CAMPAIGN FINANCE

House moves ahead with plan to end slush funds, raise campaign contribution limits to $10,000

 

Candidates for political office could raise up to $10,000 per donor under a new plan that critics say will also concentrate power in the party and favor incumbents.

Herald/Times Tallahassee Bureau

A House plan to eliminate controversial political slush funds and raise campaign contribution limits to $10,000 in Florida won approval on a bi-partisan vote Monday.

But the top priority of House Speaker Will Weatherford faces a fight. Senate critics and ethics watchdogs warn that the bill will create new loopholes, allowing political parties to control big checks with little accountability, concentrate power in the hands of incumbents, and make the system less democratic.

Those criticisms did not dissuade the House Ethics and Elections Subcommittee Monday, however, which passed HB 569 on a 10-2 vote. Democratic Reps.
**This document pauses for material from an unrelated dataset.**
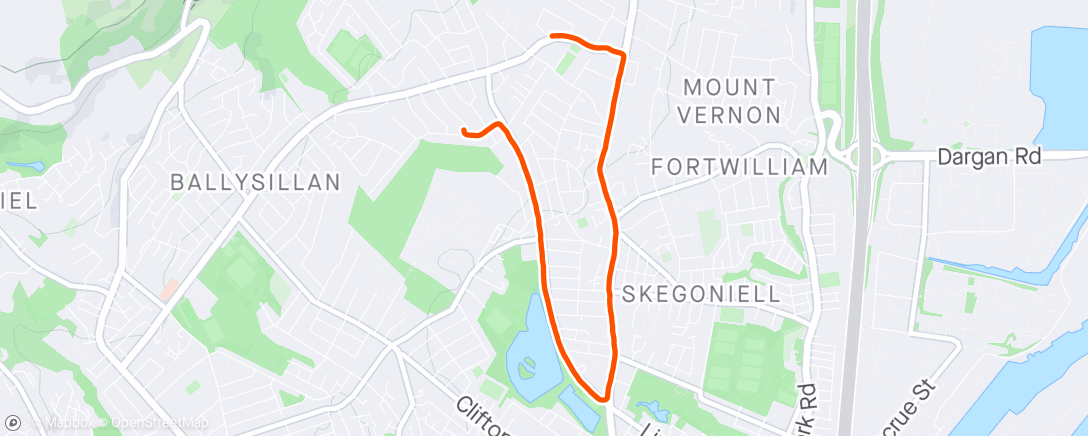 Kaart van de activiteit “5K Hill Run At 30:30.”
Katie Edwards of Plantation and Mike Clelland of Lake Mary joined Republicans who predicted the bill will result in "dramatic change." Clelland defeated Rep. Chris Dorworth, a Republican designated to become House speaker in 2014, after Dorworth’s used his political committee for personal expenses.

"The bill is simple. It takes Florida’s election process and makes it one of the most transparent in the nation and it does do by protecting everyone’s free speech,’’ said Rep. Rob Schenck, R-Spring Hill, the sponsor of the measure.

The bill eliminates the controversial Committees of Continuous Existence, the political committees that can collect unlimited funds but can’t spend on campaigns. They have become the method of choice for legislators to pay for meals, travel and entertainment to get around the legislature’s strict gift ban.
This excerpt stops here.